A short excerpt from a talk by James Hansen at this year’s AGU meeting is in the The New York Review of Books (53:1):
The Earth’s climate is nearing, but has not passed, a tipping point beyond which it will be impossible to avoid climate change with far-ranging undesirable consequences. These include not only the loss of the Arctic as we know it, with all that implies for wildlife and indigenous peoples, but losses on a much vaster scale due to rising seas.
Ocean levels will increase slowly at first, as losses at the fringes of Greenland and Antarctica due to accelerating ice streams are nearly balanced by increased snowfall and ice sheet thickening in the ice sheet interiors.
But as Greenland and West Antarctic ice is softened and lubricated by meltwater, and as buttressing ice shelves disappear because of a warming ocean, the balance will tip toward the rapid disintegration of ice sheets.
The Earth’s history suggests that with warming of two to three degrees, the new sea level will include not only most of the ice from Greenland and West Antarctica, but a portion of East Antarctica, raising the sea level by twenty-five meters, or eighty feet. Within a century, coastal dwellers will be faced with irregular flooding associated with storms. They will have to continually rebuild above a transient water level.

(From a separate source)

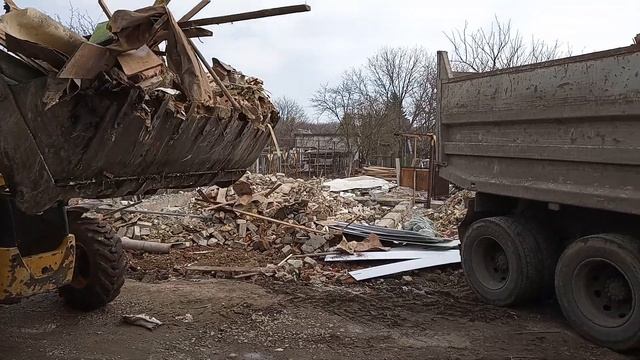 Погрузка строительного мусора после демонтажа дачного дома смотреть онлайн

This grim scenario can be halted if the growth of greenhouse gas emissions is slowed in the first quarter of this century.
—From a presentation to the American Geophysical Union, December 6, 2005
In the same issue Bill McKibben has a related article, The Coming Meltdown, about climate change and recent popular books on climate change, including Mark Bowen’s Thin Ice.
McKibben writes about James Hansen’s 1988 congressional testimony on climate change, and describes the scientific response to scientific realization of the likliehood of anthropogenic climate change
Science, on the other hand, both rose to the occasion and failed badly. The world’s climatologists organized themselves into the Intergovernmental Panel on Climate Change, or IPCC, in those heady months of 1988. With large government funding that was partly made available because of Hansen’s warnings, the panels of experts soon had a vast collection of studies and computer models to pore over. And though the IPCC’s procedures were byzantine—they relied, Bowen writes, on “a peer review process…incalculably more cumbersome than anything ever applied to a scientific issue before”—the group eventually managed to reach a potent conclusion. By 1995, the IPCC was ready to conclude that “the balance of evidence suggests that there is a discernible human influence on global climate.” This result was remarkable: more than a thousand scientists, working through a process that allowed much political input from governments concerned to deny global warming, nonetheless found the evidence so overwhelming that they were able to state that one species, ours, was now changing pretty much everything on the face of the planet.
But at the same time, the conclusions were watered down and over-hedged, playing at least as much into the hands of the few remaining skeptics, who seized on every possible opportunity to dampen public concern. The scientific method, pursued in this fashion, seemed unequal to the gravity of the task at hand. Bowen writes, “I believe it is fair to say that serious scientific debate about the existence and potential danger of human-induced global warming died with that statement.” That is true—but it’s also true that it contributed remarkably little to the larger public debate, especially in the US. And that’s a failure for which scientists bear some of the blame.
Bowen quotes Hansen:
The scientific method does require that you continually question the conclusions that you draw and put caveats on the conclusion—but that can be misleading to the public. It seems to me that when we talk to the public we have to try to give a summary. And it’s not easy for most scientists to do—and not easy for me.
Clearly, for the mild-mannered Hansen, who has no taste for public controversy, it was not easy. But he did it. And for that, as well as for his original scientific work, he deserves not only enormous credit but also, I would suggest, the Nobel Prize, perhaps the first joint Chemistry-Peace award.
The Jan9, 2006 New Yorker also has an article, by Elizabeth Kolbert who wrote the climate of man series (and a forthcoming book on climate change), on the evolutionary and population response of plants and animals to current climate change, but it is not online.